En termes simples, la nourriture, le logement, la santé et un bon assainissement sont plus pertinents pour la plupart des africains que le droit de vote.

De plus, seule une population modérément riche avec une classe moyenne en bonne santé peut exiger adéquatement les droits que la démocratie procure.

Paradoxalement, le moyen le plus rapide de construire une classe moyenne forte en Afrique serait d’évoluer vers la hiérarchie des principes que promeut le modèle chinois.

             

Pour que l’Afrique réoriente son approche de la gouvernance et adopte les principes post-consensuels de Washington, ses dirigeants doivent s’engager à améliorer l’efficacité institutionnelle et la gestion économique.

Le premier ensemble de réformes impliquerait l’établissement de lignes de souveraineté claires avec les partenaires internationaux. La relation de l’Afrique avec les donateurs occidentaux, par exemple, a historiquement placé les droits individuels au-dessus des droits nationaux. Mais, à mon avis, les droits individuels ne remplacent pas les souverains. Il est contre-productif de punir des pays entiers avec des lois affectant une minorité.
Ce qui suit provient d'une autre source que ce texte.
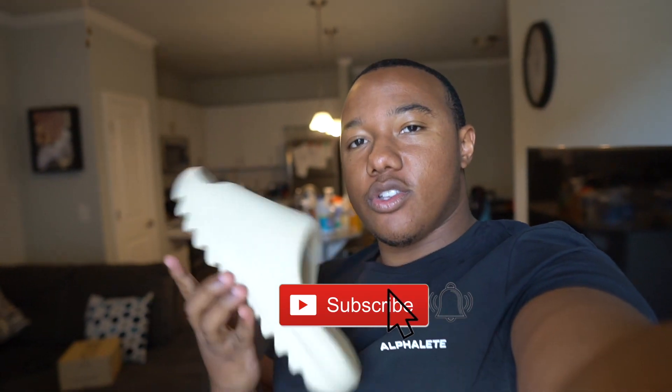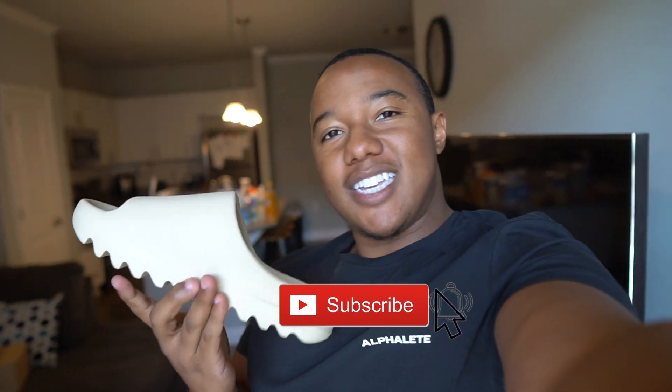I hope you guys enjoyed this video. Leave a comment below what you guys think of the Bone slides — if you copped a pair for yourself, and about the sizing as well. Let me know your thoughts. What is your favorite Yeezy slide? Do you like these, the Green Glows, the Onyx, Pures? Comment below and let me know your thoughts on resale as well. I hope you guys enjoyed the video — leave it a thumbs up, subscribe if you're new to the channel. I will see you guys in the next one. Peace out. One day at a time.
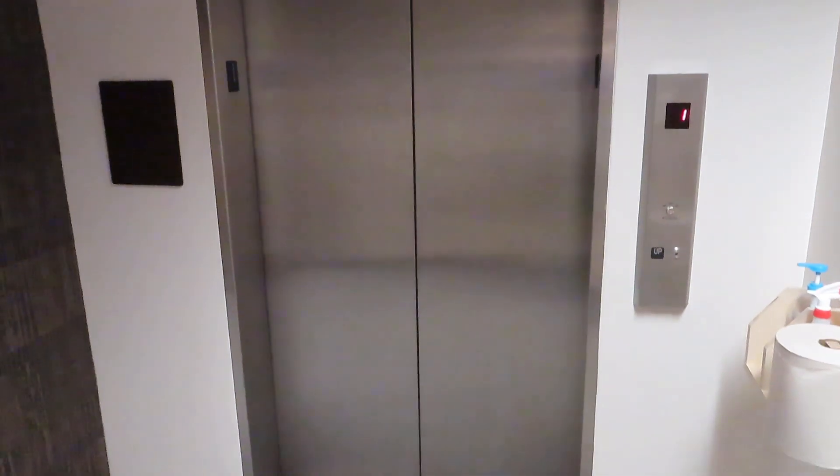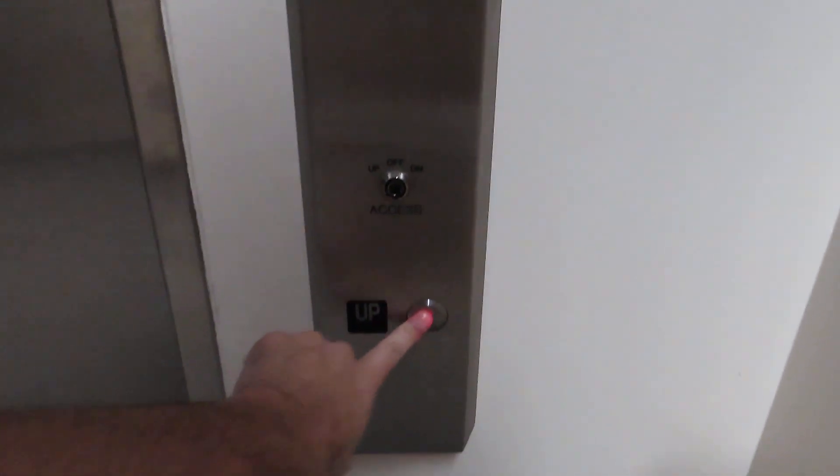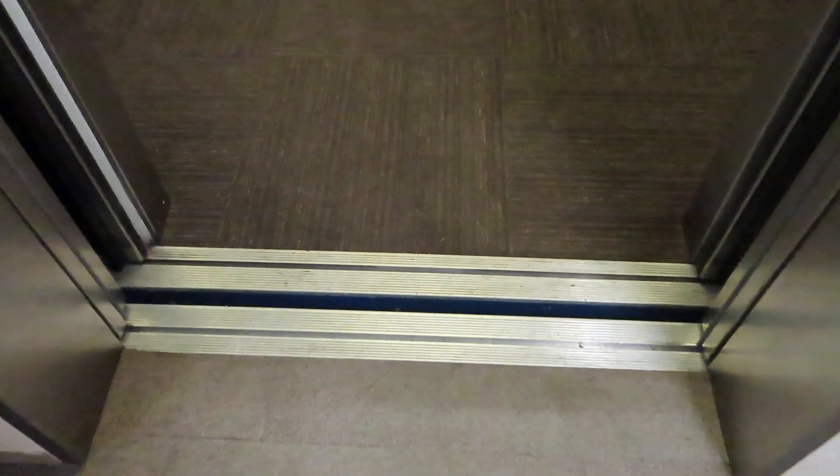Welp, I was so not expecting these to get modernized, but yet here we are. So we've got the Schindler door track. This is the back elevator to Anschutz Library, University of Kansas.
Un exemple d’une telle punition collective s’est produit en Ouganda en 2014, lorsque la Banque mondiale a gelé environ 90 millions de dollars $ de prêts après que le gouvernement ait promulgué une loi criminalisant l’homosexualité. Comme l’a déclaré le porte-parole du gouvernement ougandais à l’époque, la banque «ne devrait pas faire chanter ses membres» pour adopter les valeurs occidentales. Cependant, lorsque les modèles de gouvernance ne sont jugés que sous l’angle du Consensus de Washington, il y a peu d’alternative.

 Dans le même ordre d’idées, la deuxième série de réformes fait référence à la hiérarchisation des droits économiques sur les droits politiques. Par exemple, les politiciens qui gèrent bien une économie ne devraient pas être soumis à des limites de mandat.

 

Ni Singapour, ni la Chine ne sont une démocratie; mais les dirigeants des 2 pays ont utilisé leur pouvoir politique pour améliorer le niveau de vie. Il semble contre-productif de forcer les dirigeants à renoncer à la réforme économique.

« Ni le Consensus de Washington, ni le modèle de Pékin n’ont toutes les réponses, mais, comme le Rwanda l’a montré, si la discipline et un leadership fort améliorent les vies et fournissent des biens publics, alors peut-être la démocratie libérale devrait-elle être priorité à long terme. « 

Ces idées ne sont pas élaborées.

Aujourd’hui, les dirigeants du Rwanda, qui sont largement considérés comme une réussite africaine, ont amélioré leur stabilité, s’éloignant de l’approche de gouvernance du Consensus de Washington.

Politiquement, le Rwanda est fort, discipliné et organisé, mais ce n’est pas libéral…

La réélection du président Paul Kagame l’année dernière avait plus à voir avec le pouvoir qu’avec la démocratie. Bien que Kagame reste populaire, son administration a été critiquée pour avoir étouffé la liberté d’expression et les droits de l’homme dans la période précédant le vote.

 

La conclusion à laquelle je parviens n’est pas que les droits de l’homme ne sont pas importants, mais que la discipline politique et les formes imparfaites de la démocratie sont également acceptables si cela aboutit à des progrès soutenus dans la gouvernance économique et institutionnelle.

Nous devons être intellectuellement honnêtes et appeler les bœufs par leur nom. Les Rwandais ne devraient pas avoir honte de valoriser la force économique et administrative plus que des élections équitables. La question pour les autres Etats africains qui cherchent à réformer leurs modèles de gouvernance est donc de savoir quelle approche du Rwanda ils peuvent adopter.

Ni le Consensus de Washington ni le modèle de Pékin n’ont toutes les réponses. Mais, comme le Rwanda l’a montré, si la discipline et un leadership fort améliorent les vies et fournissent des biens publics, alors peut-être que la démocratie libérale devrait être une priorité à long terme.

(*) Simplice A. Asongu est économiste en chef à l’Institut de la gouvernance et de la recherche et du développement en Afrique.

 le 18 janvier 2018

Droits d’auteur : Project Syndicate, 2018.